Love my greyhound comb for long double coated fur! Slickers don't really get down deep enough and they can burn the coat, I also don't really care for the furminator either (at least for long coats) its to easy to cut the guard hairs. Learn to line brush its your new best friend :grin2: 

Summer was my worst for ear mats she has a very soft coat around her ears and that combined with the fact that when they play they would always bite around the neck area, I was always brushing out mats and yes occasionally cutting them out. 

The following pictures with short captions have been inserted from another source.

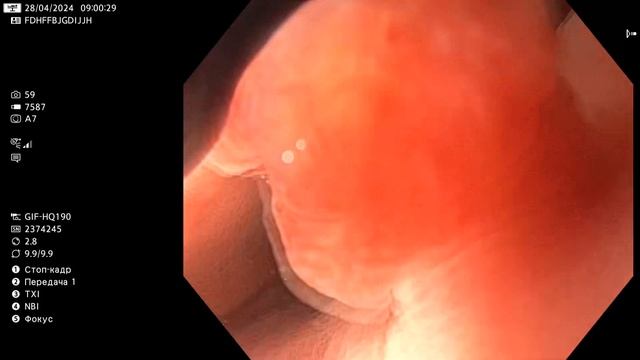 Полипы фундальных желез в желудке. Дисплазия? Гастрос? смотреть онлайн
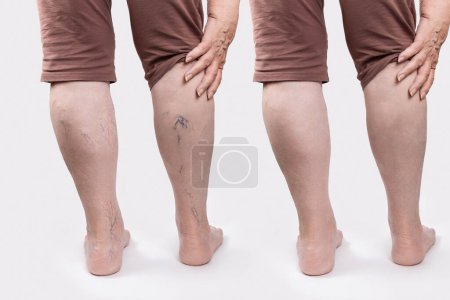 Varicosity. Primer plano de piernas viejas de mujer con asteriscos vasculares. Vista trasera. Resultados antes y después del tratamiento con láser. Fondo blanco. El concepto de varices.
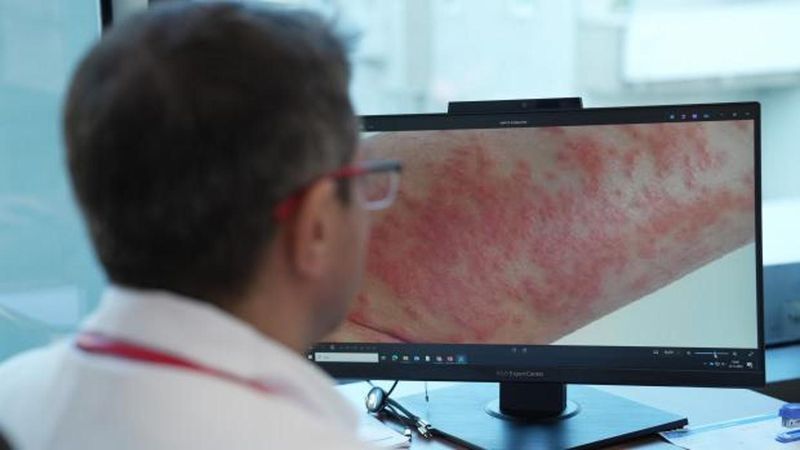 Uzmanlar Uyarıyor: Egzamalı Çocuklara Rastgele Diyet Uygulanmamalı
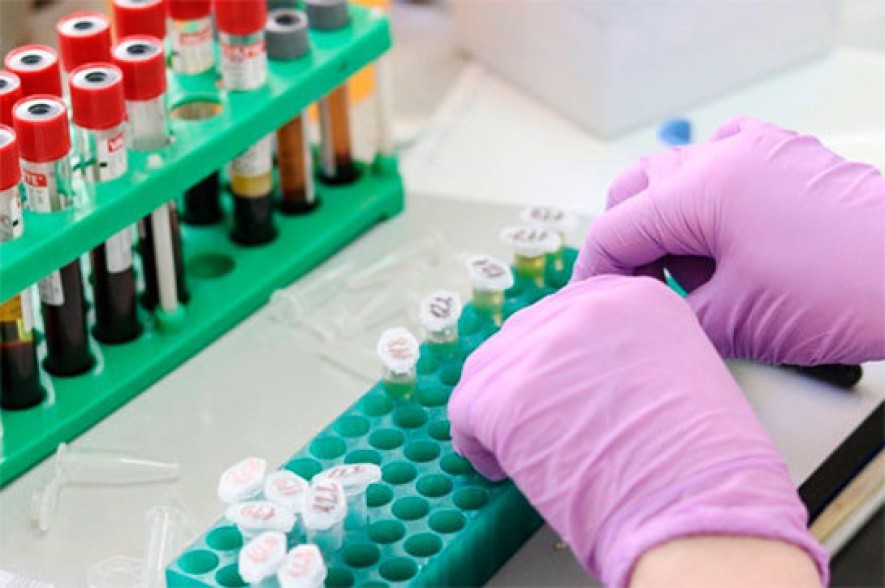 Armenia documents 162 new coronavirus cases in 24 hours, 2 deaths recorded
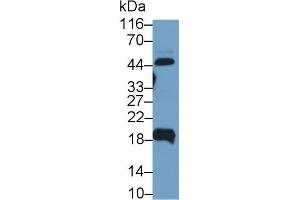 Detection of UPK2 in Human Urine using Polyclonal Antibody to Uroplakin 2 (UPK2) (Uroplakin 2 anticorps  (AA 26-153))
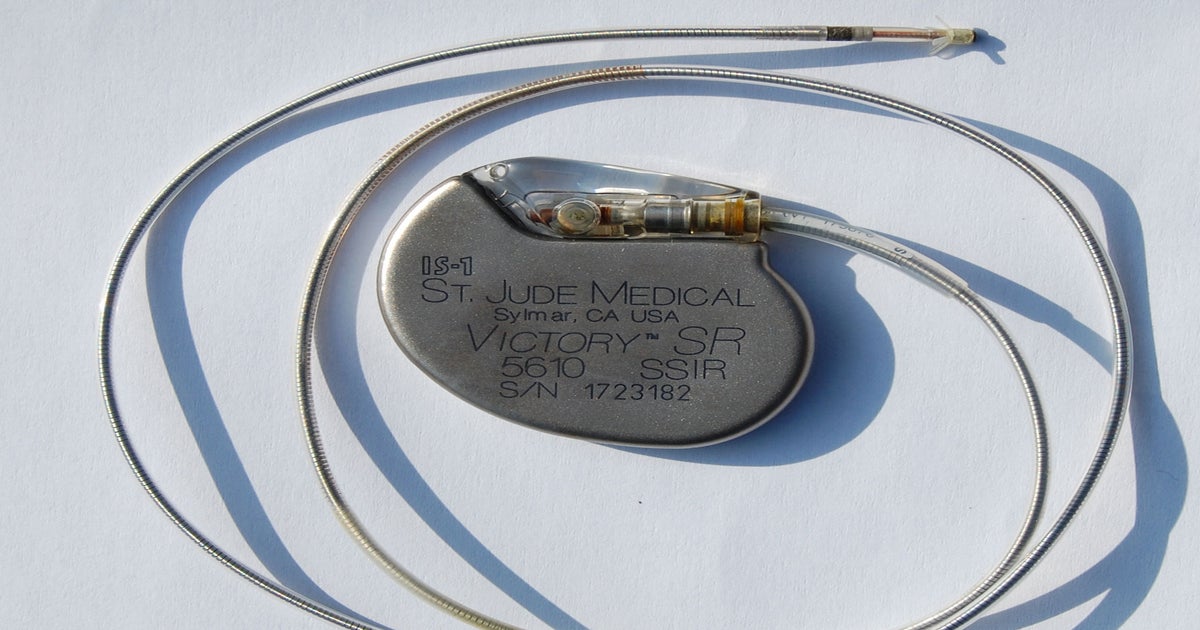 St. Jude Pacemaker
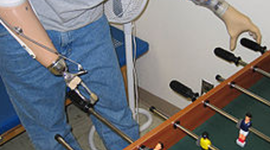 Timeline: History of Upper Body Prosthesis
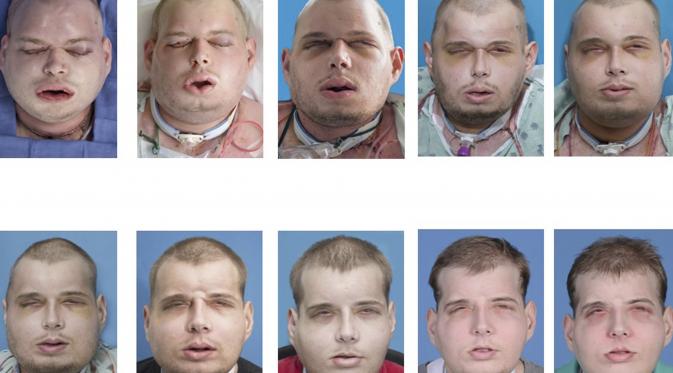 Perubahan wajah Patrick Hardison saat menjalani bedah plastik di Langone Medical Center NYU, New York, Amerika Serikat, (16/11/2015). Pria berusia 41 tahun tersebut menjalani operasi selama 95 hari. (REUTERS)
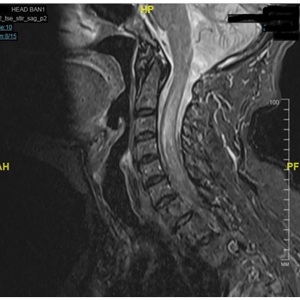 Восстановление ходьбы после операции удаления опухоли шейного отдела спинного мозга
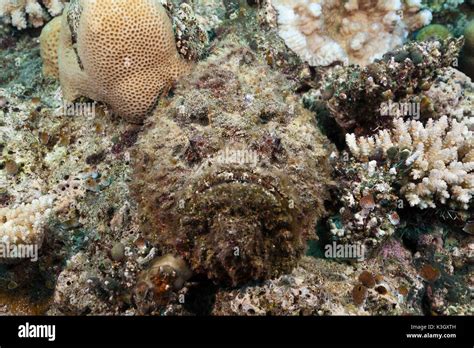 Stonefish Sting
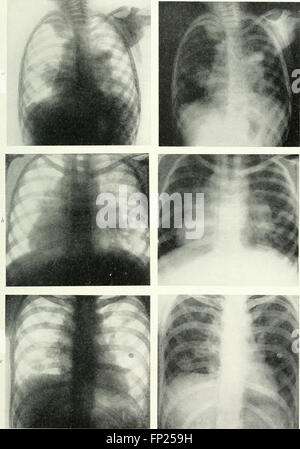 La radiographie, la thérapeutique des rayons x et le radium thérapie (1915)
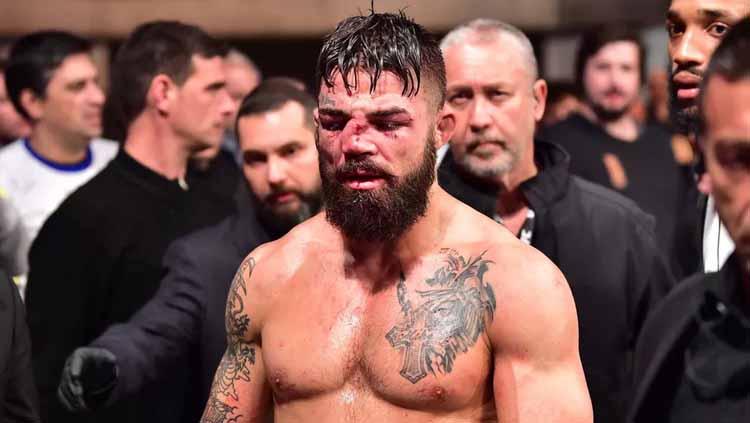 Atlet MMA, Mike Perry, yang hidungnya patah usai terhantam dengkul lawan. Foto: Jason Silva-USA TODAY Sports - INDOSPORT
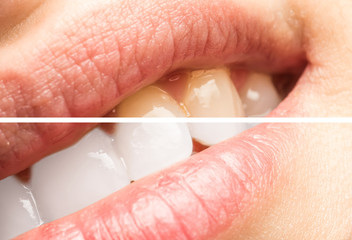 Woman Teeth Before And After Dentist Clinic Whitening Procedure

Cornstarch can help somewhat if the mats are not too tight, and as mentioned never bath a matted dog, it tightens them up.


----------



## GandalfTheShepherd (May 1, 2017)

Sunsilver said:


> Mats can be worked out with the fingers in the early stages. But the fact they are happening at all means you are not getting right down to the roots of the hair when you are brushing!
> 
> Many owners don't 'get' this -they think a once-over lightly with a slicker or furminator is going to do the job on a double-coated, medium length or long haired dog! And oh, the things I have seen as a result of this type of grooming! You would absolutely GAG at some of them!
> 
> ...


Huh can't say we have any issues in the butt area, white and clean lol. And no smell at all or mats. I brush regularly all of him but struggle with the base of the ear because he hates it (barely tolerates it) and the angle makes it hard to get any brush in there. When I brush the ears they just tangle up worse as I go? They literally start floofing out and getting poofier and poofier!


----------



## GandalfTheShepherd (May 1, 2017)

Bramble said:


> I tend to clip away mats behind ears. Unless it is in the early stages, attempting to brush them out is just too painful. If you are brushing every day he should not be getting mats there. My GSD was a coatie. I brushed him a few times a week and never had an issue with mats behind the ears despite the fur being much softer.
> 
> I agree with Sunsliver. When brushing you need to brush from the root of the hair out to the tips. I get in a lot of dogs whose owner swear they brush them everyday and on the surface look okay, but are matted just below that. Look up line brushing. You also may not be using the correct brush for the job. These are what I like for long double coated breeds since the pins are long and reach down past the outer coat ti grab the undercoat which is what gets matted: https://www.cherrybrook.com/chris-christensen-long-pin-slicker-brushes/ I also never dry brush a med-long coated dog. This can damage the hair shaft making them want to grab onto each other and tangle up. I always use a detangling or dematting spray when brushing a dry coat. These sprays coat and smooth the hair shaft making brushing easier and help prevent matting. I never had to do a sanitary trim on my GSD, never had an issue with him being clean.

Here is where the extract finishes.